Directions for this task:
Check each line of the entries. Copy the ones that contain the string "Before".

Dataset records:
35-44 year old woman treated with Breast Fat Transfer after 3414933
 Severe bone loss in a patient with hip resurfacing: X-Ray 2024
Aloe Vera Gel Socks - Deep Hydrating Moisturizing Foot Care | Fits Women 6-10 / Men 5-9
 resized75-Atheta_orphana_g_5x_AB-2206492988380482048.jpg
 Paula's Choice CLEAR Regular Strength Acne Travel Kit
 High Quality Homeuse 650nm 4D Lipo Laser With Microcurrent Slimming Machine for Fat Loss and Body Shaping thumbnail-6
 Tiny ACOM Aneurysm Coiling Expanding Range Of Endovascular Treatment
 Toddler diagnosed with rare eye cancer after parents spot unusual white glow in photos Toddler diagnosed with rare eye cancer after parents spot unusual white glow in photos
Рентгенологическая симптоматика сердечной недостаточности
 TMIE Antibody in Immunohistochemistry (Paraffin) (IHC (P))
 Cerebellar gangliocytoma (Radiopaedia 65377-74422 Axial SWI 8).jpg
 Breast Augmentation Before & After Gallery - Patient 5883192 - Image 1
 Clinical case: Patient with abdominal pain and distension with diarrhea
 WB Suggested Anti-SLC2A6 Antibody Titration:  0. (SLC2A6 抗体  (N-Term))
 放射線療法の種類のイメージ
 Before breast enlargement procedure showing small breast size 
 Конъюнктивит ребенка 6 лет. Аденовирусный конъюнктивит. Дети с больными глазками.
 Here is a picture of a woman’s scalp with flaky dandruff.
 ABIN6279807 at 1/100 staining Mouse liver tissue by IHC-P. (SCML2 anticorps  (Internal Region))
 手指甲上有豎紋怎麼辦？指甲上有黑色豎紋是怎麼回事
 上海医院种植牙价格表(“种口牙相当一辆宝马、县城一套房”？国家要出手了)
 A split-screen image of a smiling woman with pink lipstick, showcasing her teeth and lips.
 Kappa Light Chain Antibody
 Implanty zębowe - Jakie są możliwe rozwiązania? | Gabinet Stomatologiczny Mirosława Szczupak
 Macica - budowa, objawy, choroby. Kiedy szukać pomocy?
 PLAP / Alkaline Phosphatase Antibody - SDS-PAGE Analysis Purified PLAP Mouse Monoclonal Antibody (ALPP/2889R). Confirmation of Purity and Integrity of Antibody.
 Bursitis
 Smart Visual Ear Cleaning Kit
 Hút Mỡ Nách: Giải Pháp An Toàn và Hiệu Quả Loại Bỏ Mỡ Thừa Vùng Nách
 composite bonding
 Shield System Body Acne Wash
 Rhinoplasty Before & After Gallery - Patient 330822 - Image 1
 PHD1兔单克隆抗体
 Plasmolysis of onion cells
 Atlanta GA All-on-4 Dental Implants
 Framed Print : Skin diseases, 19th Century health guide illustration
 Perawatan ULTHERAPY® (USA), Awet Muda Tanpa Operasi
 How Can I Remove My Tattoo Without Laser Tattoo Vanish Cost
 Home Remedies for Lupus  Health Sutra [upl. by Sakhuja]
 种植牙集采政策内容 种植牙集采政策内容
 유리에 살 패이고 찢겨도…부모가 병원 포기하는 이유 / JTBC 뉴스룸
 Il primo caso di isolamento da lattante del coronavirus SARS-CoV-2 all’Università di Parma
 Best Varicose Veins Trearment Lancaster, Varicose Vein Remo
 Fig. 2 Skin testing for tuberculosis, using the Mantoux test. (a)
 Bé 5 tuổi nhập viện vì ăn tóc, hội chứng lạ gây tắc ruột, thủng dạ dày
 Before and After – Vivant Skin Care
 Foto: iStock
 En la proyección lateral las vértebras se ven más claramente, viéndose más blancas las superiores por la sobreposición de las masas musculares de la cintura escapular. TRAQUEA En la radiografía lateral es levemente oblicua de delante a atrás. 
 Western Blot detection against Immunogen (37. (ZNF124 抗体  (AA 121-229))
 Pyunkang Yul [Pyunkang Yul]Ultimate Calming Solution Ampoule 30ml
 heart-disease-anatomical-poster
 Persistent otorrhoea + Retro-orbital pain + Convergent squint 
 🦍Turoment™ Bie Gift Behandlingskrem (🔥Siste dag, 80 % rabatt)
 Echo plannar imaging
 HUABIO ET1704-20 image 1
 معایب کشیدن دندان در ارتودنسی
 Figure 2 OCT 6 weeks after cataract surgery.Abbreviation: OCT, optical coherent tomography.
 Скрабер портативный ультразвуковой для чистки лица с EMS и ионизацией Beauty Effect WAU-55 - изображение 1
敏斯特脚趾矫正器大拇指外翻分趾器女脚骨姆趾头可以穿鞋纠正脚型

Task response:
 Breast Augmentation Before & After Gallery - Patient 5883192 - Image 1
 Before breast enlargement procedure showing small breast size 
 Rhinoplasty Before & After Gallery - Patient 330822 - Image 1
 Before and After – Vivant Skin Care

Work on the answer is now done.